| Assignment |
Up to and including the line that holds "Vendo um Xbox", copy every line of the records below exactly, starting at the first; leave pictures out.

| Data for review |
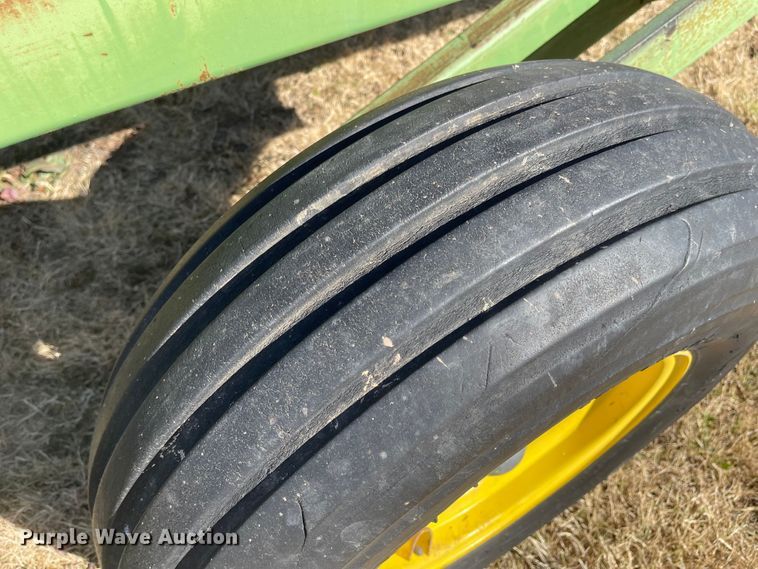 image for item JD9847 John Deere 230  disk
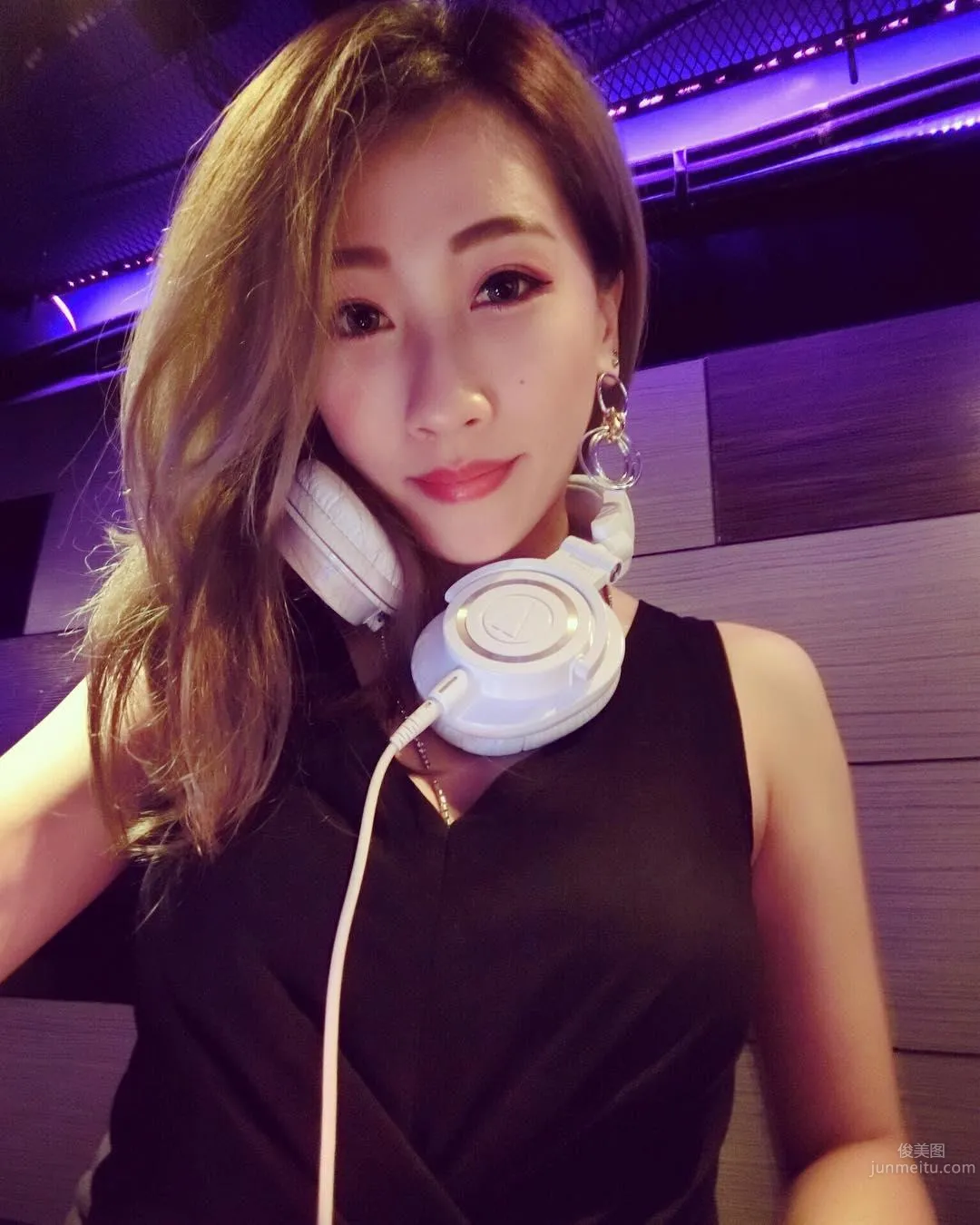 性感DJ拾壹給你最強的音樂與視覺雙重享受！ 8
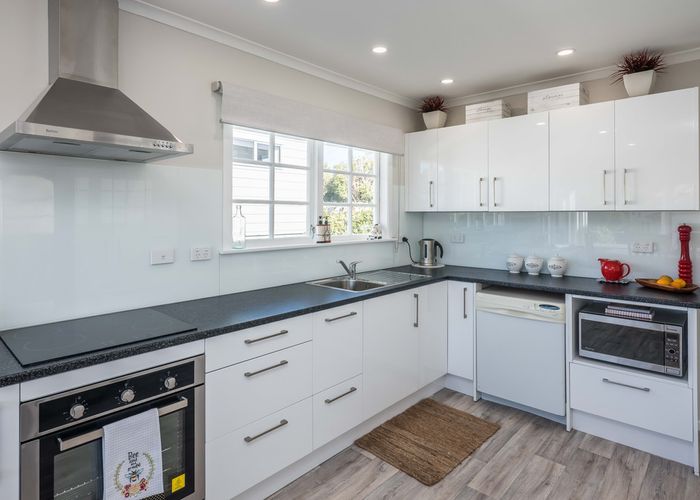  at 64 Horokiwi Road West, Newlands, Wellington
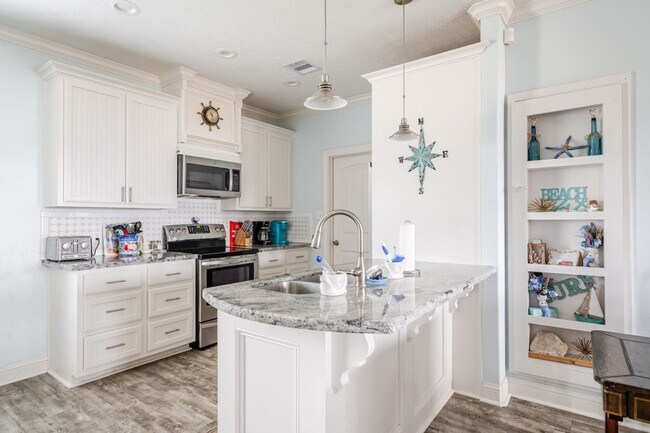 Foto del edificio - 998 Dolly St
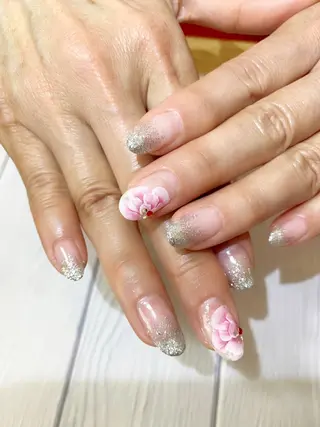 ネイル 芦原 嘉子のネイルデザイン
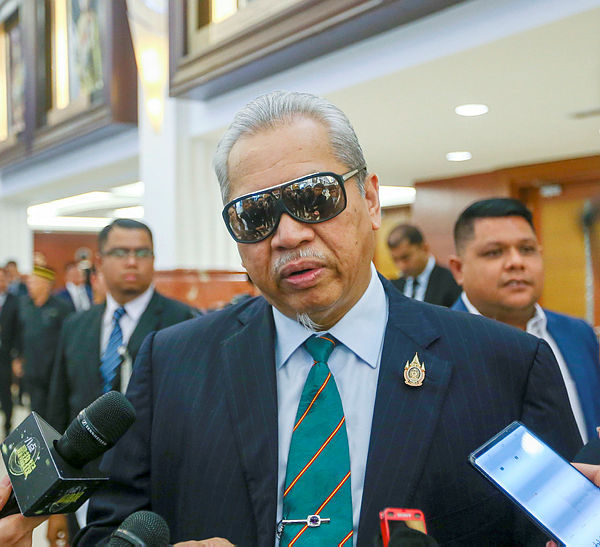 Filepix taken on July 3 shows Umno secretary general Tan Sri Annuar Musa at Parliament. — BBXpress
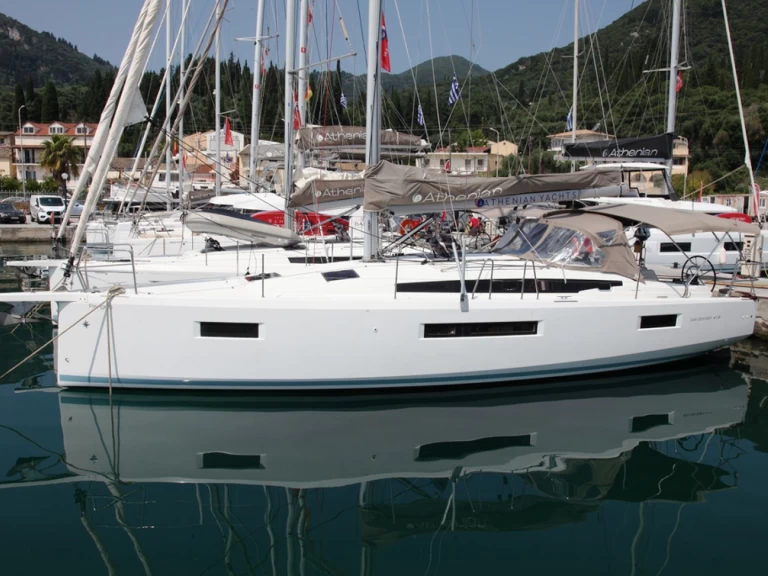 Boot mieten Benítses günstig Sun Odyssey 410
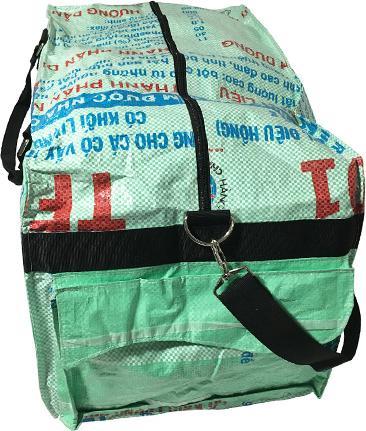 Image du produit Bekos Upcycling - Sac de sport extra large fabriqué à partir de sacs d'aliments pour poissons recyclés (80 l)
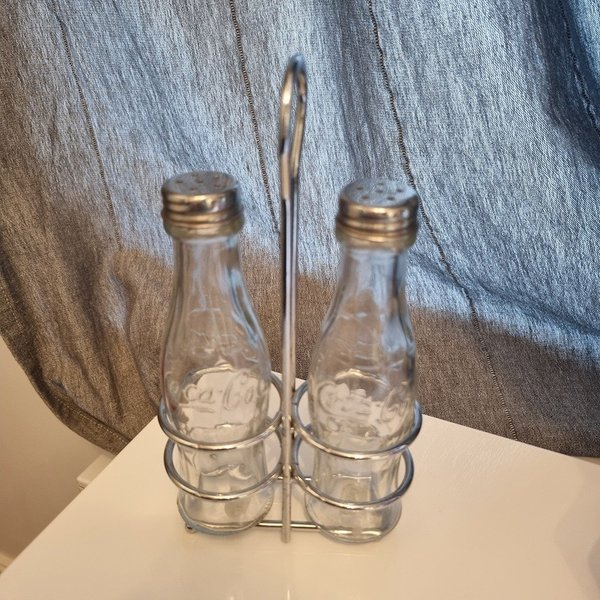 OFFER: Salt and pepper shaker (Dursley, Cam) ilovefreegle.org/message/100892…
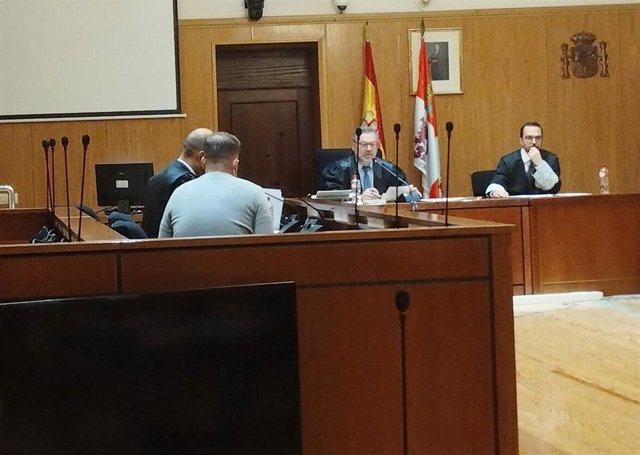 El vecino de Arroyo, de espaldas, junto a su letrado defensor durante la vista oral celebrada este miércoles en la Audiencia de Valladolid.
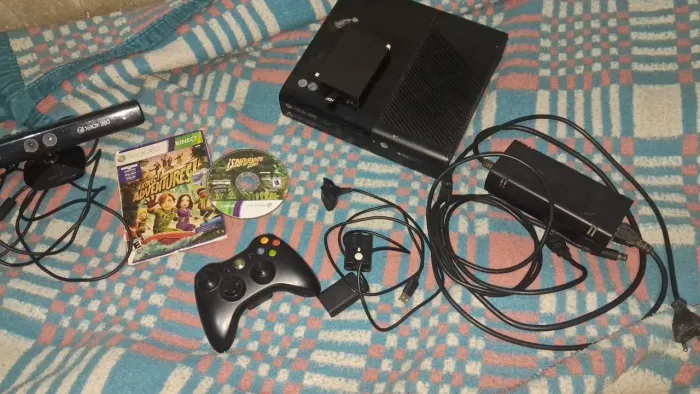 Vendo um Xbox 360 bloqueado funcionando perfeitamente com kitnet HD jogos na memória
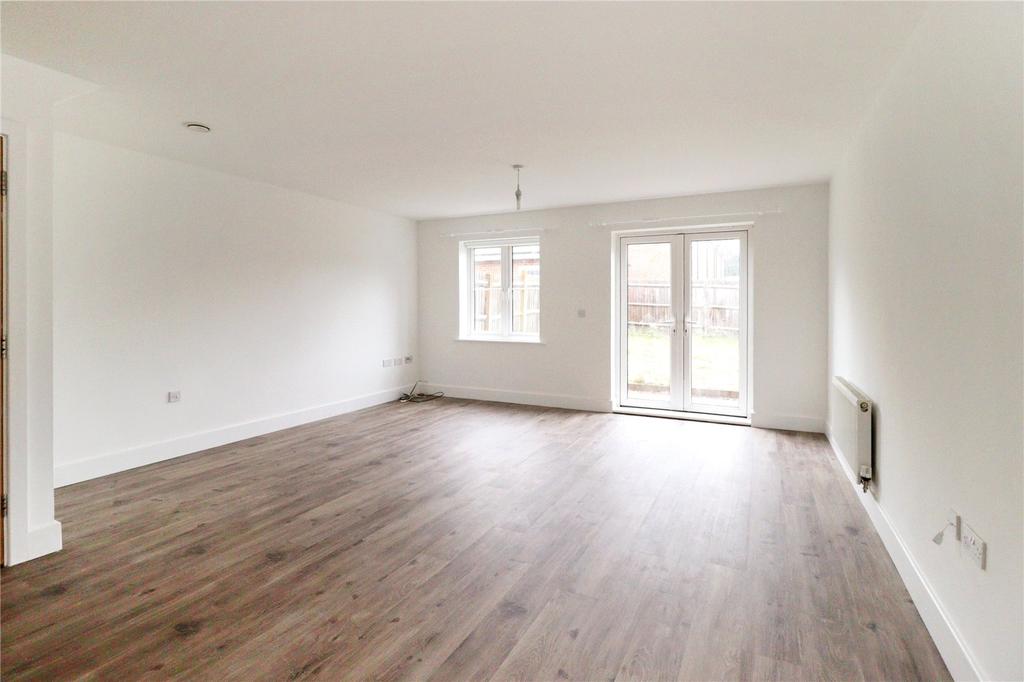 Shearing Drive, Burgess Hill, West... 3 bed semidetached house £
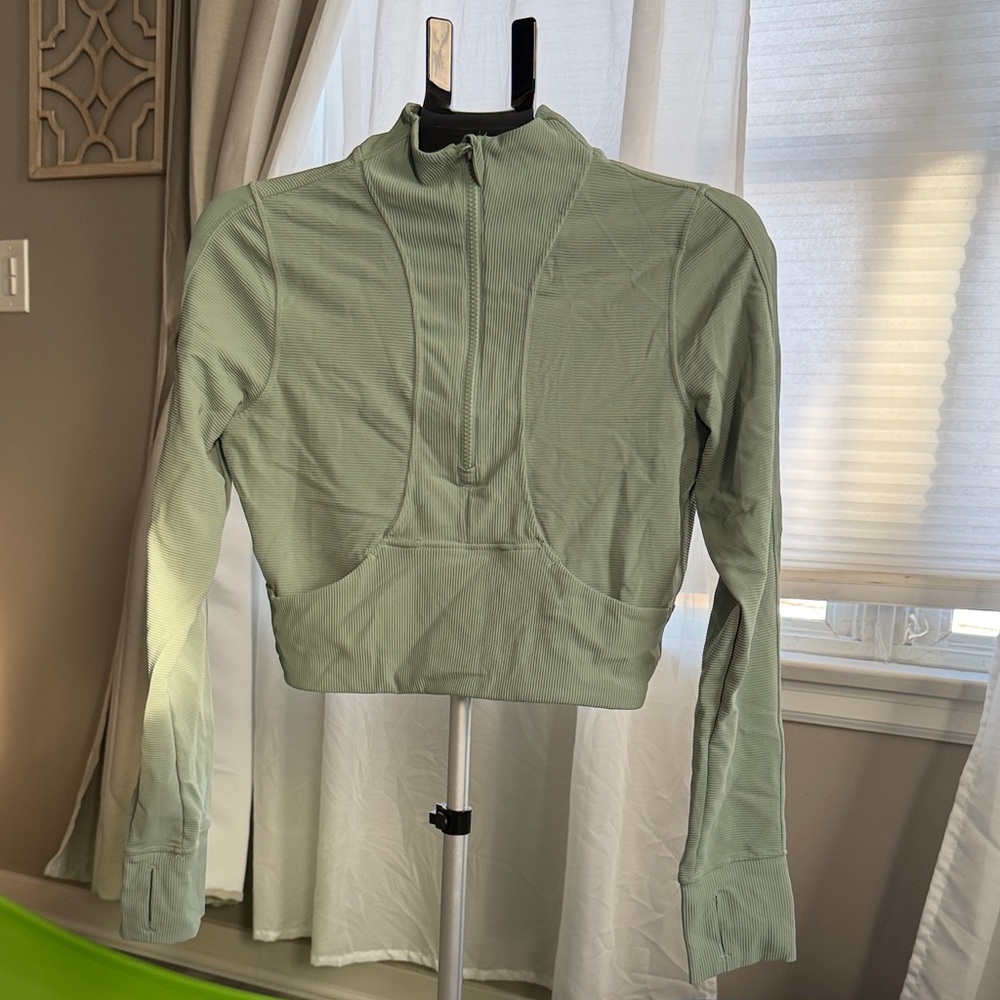 90 degree Women's Green Zip-Up Top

| Written response |
 image for item JD9847 John Deere 230  disk
 性感DJ拾壹給你最強的音樂與視覺雙重享受！ 8
  at 64 Horokiwi Road West, Newlands, Wellington
 Foto del edificio - 998 Dolly St
 ネイル 芦原 嘉子のネイルデザイン
 Filepix taken on July 3 shows Umno secretary general Tan Sri Annuar Musa at Parliament. — BBXpress
 Boot mieten Benítses günstig Sun Odyssey 410
 Image du produit Bekos Upcycling - Sac de sport extra large fabriqué à partir de sacs d'aliments pour poissons recyclés (80 l)
 OFFER: Salt and pepper shaker (Dursley, Cam) ilovefreegle.org/message/100892…
 El vecino de Arroyo, de espaldas, junto a su letrado defensor durante la vista oral celebrada este miércoles en la Audiencia de Valladolid.
 Vendo um Xbox 360 bloqueado funcionando perfeitamente com kitnet HD jogos na memória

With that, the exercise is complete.